With regard to Dan's questions, I will send on the input files to repeat
these experiments this afternoon if people want to see the problems
themselves. Sander, pmemd CPU, and pmemd.CUDA set up the pair list
differently due to the way GPUs work. The current sander pair list is
inspired, if not copied wholly from, Bob Duke's pmemd code, and lays out a
much finer hash table. With pmemd there is a fine-grained aspect of the
hash table, but it's all based on hash cells that are assumed to be (cut +
skinnb) thick in all directions. The assumption is a good choice, we just
need to change the code so that it meets the assumption which is currently
does not. Input traps are not what will save us, edits to the neighbor
list setup on or about line 4200 of gpu.cpp (master branch) and the box
rescaling function on or about line 8400 of gpu.cpp are what is needed. I
think the fix for the second issue seen in the jumps on the plot on this
thread lies in kNLCPNE.h, but I'm well on my way to obliterating that
kernel and other aspects of the pair list building so hopefully there'll be
a whole new set of bugs soon, eh?

Dave

On Wed, Jan 17, 2018 at 10:42 AM, Daniel Roe <daniel.r.roe.gmail.com> wrote:

> Hi,
>
> I'm still not sure I understand what the problem is. Right now to me
> it sounds like what we are missing is a bad input trap here (you
> should never be setting the NB skin too small etc).
>
> That said, If I take the parameters you gave in your last example
> (cutoff 7.0 Ang., nonbond skin 0.5001, truncated octahedron with
> lengths = 33.81) and use sander's pairlist setup routine I get 11
> cells in each dimension with individual cell separations of 2.51 Ang..

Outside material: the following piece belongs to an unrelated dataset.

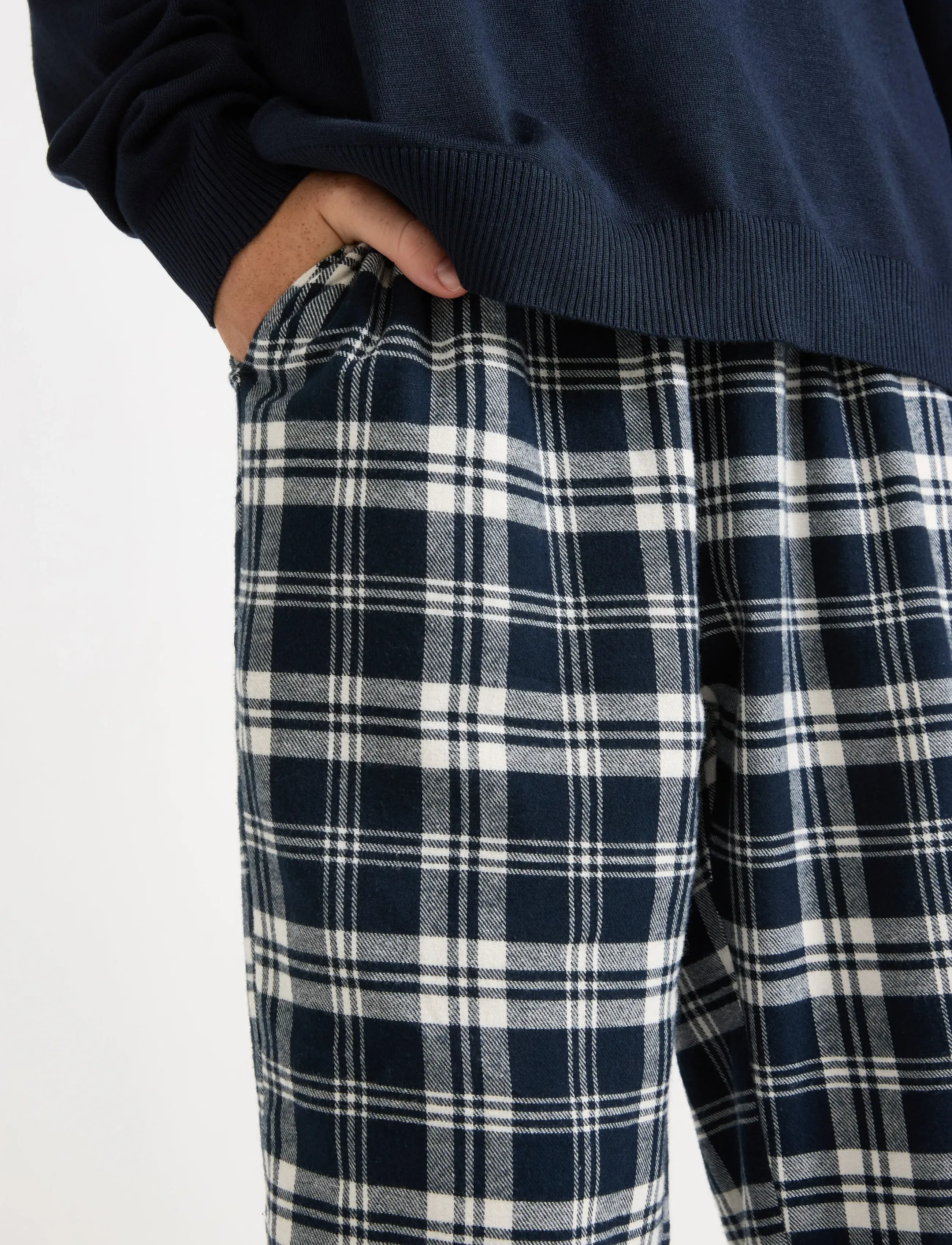 Lindex - Pyjama trousers in flannel - sommerschnäppchen - dark navy - 4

> With the hardcoded cell search dimension of 3 (at least in sander, not
> sure about pmemd) that means the smallest so-called subcell cutoff is
> 7.53 Ang, which is larger than cut+skinnb, so no interactions should
> be omitted. Maybe I'm missing something though...
>
> > A lot of study, and posts to a subset of the developers, happened before
> I made this thread on the actual listserv.
>
> You've clearly done a lot of work on this which is great. However,
> considering how critical building the pairlist is, we should be
> absolutely certain what the issue is before we go changing test cases
> etc. Could you send me off-list one or two of the problem systems so I
> can run some tests as well? I feel like the more people we throw at
> this issue the quicker it can get fixed.
>
> Thanks!
>
> -Dan
>
>
> On Wed, Jan 17, 2018 at 8:25 AM, Ross Walker <ross.rosswalker.co.uk>
> wrote:
> > Hi Dave,
> >
> > This is pretty dense so I didn't follow everything. Do you have a simple
> list of tests that show issues / a 3 line summary of all the issues and the
> scope of each?
> >
> > With regards to the very small systems - these have always been
> problematical and would not be recommended.

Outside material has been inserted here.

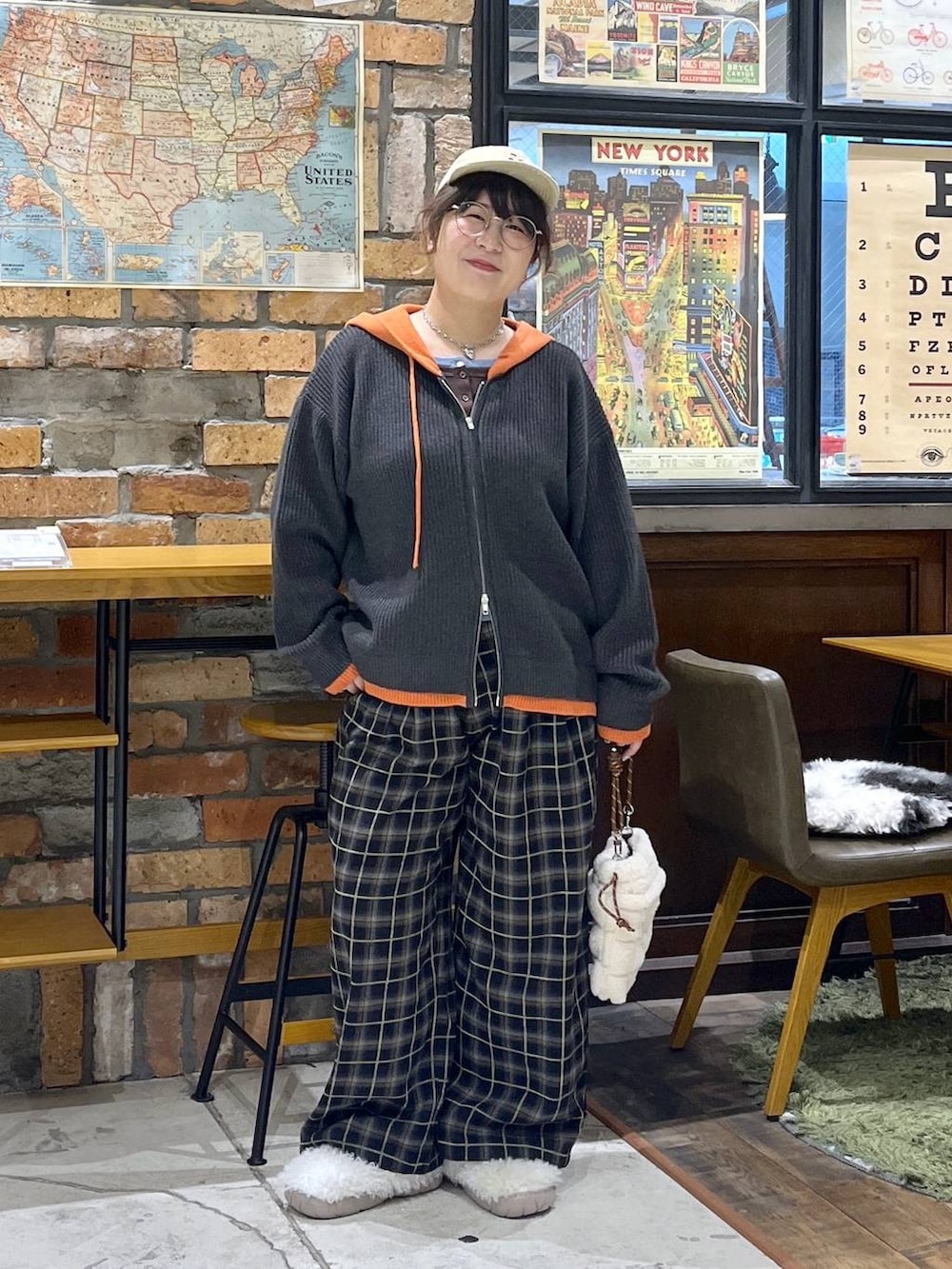 ホワイト系のスリッポン、ブラウン系のTシャツ/カットソー、ベージュ系のショルダーバッグを着用したレディースの秋コーディネートの3枚目の写真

> > That said the code should quit rather than give incorrect answers if one
> is trying to use a box that is unreasonably small.

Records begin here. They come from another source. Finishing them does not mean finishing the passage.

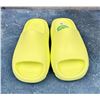 Image 2 : Yeezy Slide Glow Green GX6139 Size 12k New in Box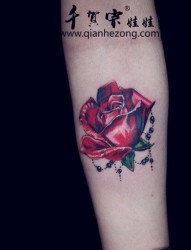 精美的手臂彩色玫瑰花纹身图片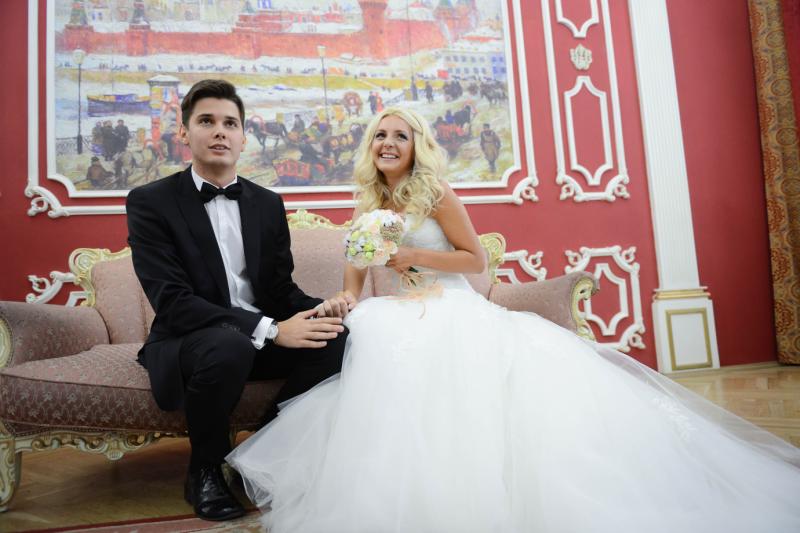 Более 500 пар поженятся на новый год в Москве. Фото: архив, "Вечерняя Москва"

> > Should the limit not be the minimum box dimension needs to be greater
> than 2 x (cutoff + skinnb)? I believe the default
> > would be 2.0 for skinnb so in this case 20A making your box too small?
> >
> > What happens if you run with a 21A box? Do you see those jumps go away?
> If yes then we may just need a fix here to
> > limit such tiny boxes. I am assuming the jumps you are referring to are
> for small systems only?
> >
> > All the best
> > Ross
> >
> >
> >
> >> On Jan 16, 2018, at 22:45, David Cerutti <dscerutti.gmail.com> wrote:
> >>
> >> A lot of study, and posts to a subset of the developers, happened
> before I
> >> made this thread on the actual listserv. I was able to make a case, for
> >> example, where the box volume equilibrates under NPT and we have the
> >> problem of shrinking hash cells that eventually get too small for the
> >> cutoff. The problem was fixed for the case of rectangular unit cells,
> but
> >> the non-orthorhombic case isn't correctly covered. The simulation
> settles
> >> out to a volume where each unit cell is in fact less than the cutoff in
> >> thickness, irrespective of any pair list margin, but the code thinks
> it's
> >> much thicker than therefore keeps right on going. I'll make an NVE
> case to
> >> study the energy conservation effects when one of these things happens.
> >>
> >> In the meantime, I've been looking in to the other issue I raised.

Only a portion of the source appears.